:: Action item ::
From the entries below, return exactly the lines beginning at the one that contains "LG 8L RO+UV" and ending at the one that contains "Jamie Kay Blush", both of them included, and only those lines.

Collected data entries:
-- Opening Marker --

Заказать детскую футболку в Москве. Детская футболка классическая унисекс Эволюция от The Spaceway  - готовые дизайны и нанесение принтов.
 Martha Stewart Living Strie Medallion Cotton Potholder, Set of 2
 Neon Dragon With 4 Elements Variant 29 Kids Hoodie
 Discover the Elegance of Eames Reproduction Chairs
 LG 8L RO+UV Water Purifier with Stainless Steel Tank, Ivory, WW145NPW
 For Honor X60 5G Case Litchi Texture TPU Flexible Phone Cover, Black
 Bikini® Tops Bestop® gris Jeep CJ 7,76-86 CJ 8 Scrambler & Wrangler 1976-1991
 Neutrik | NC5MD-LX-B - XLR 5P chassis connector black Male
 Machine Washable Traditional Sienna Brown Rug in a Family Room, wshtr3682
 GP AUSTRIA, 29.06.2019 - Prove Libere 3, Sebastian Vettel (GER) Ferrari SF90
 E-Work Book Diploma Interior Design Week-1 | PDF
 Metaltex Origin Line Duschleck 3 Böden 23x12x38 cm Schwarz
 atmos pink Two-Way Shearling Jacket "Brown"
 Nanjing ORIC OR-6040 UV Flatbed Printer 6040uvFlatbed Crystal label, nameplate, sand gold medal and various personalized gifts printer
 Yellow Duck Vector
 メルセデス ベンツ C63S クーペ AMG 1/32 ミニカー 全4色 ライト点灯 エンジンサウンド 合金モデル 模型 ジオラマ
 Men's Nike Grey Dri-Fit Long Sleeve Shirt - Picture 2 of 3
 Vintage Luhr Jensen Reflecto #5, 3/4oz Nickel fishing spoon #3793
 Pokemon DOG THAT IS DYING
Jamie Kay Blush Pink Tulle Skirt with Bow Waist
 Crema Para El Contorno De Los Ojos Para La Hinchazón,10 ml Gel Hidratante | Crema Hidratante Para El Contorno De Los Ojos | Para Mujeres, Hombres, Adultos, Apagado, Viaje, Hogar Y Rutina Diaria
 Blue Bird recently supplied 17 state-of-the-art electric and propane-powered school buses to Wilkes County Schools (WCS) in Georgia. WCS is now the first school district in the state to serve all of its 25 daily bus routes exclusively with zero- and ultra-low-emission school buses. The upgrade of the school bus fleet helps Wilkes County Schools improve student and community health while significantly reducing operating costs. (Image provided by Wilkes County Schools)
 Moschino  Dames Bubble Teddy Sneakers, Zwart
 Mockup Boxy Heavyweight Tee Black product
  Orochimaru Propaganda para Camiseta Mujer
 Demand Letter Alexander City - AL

-- Closing Marker --

:: Response area ::
 LG 8L RO+UV Water Purifier with Stainless Steel Tank, Ivory, WW145NPW
 For Honor X60 5G Case Litchi Texture TPU Flexible Phone Cover, Black
 Bikini® Tops Bestop® gris Jeep CJ 7,76-86 CJ 8 Scrambler & Wrangler 1976-1991
 Neutrik | NC5MD-LX-B - XLR 5P chassis connector black Male
 Machine Washable Traditional Sienna Brown Rug in a Family Room, wshtr3682
 GP AUSTRIA, 29.06.2019 - Prove Libere 3, Sebastian Vettel (GER) Ferrari SF90
 E-Work Book Diploma Interior Design Week-1 | PDF
 Metaltex Origin Line Duschleck 3 Böden 23x12x38 cm Schwarz
 atmos pink Two-Way Shearling Jacket "Brown"
 Nanjing ORIC OR-6040 UV Flatbed Printer 6040uvFlatbed Crystal label, nameplate, sand gold medal and various personalized gifts printer
 Yellow Duck Vector
 メルセデス ベンツ C63S クーペ AMG 1/32 ミニカー 全4色 ライト点灯 エンジンサウンド 合金モデル 模型 ジオラマ
 Men's Nike Grey Dri-Fit Long Sleeve Shirt - Picture 2 of 3
 Vintage Luhr Jensen Reflecto #5, 3/4oz Nickel fishing spoon #3793
 Pokemon DOG THAT IS DYING
Jamie Kay Blush Pink Tulle Skirt with Bow Waist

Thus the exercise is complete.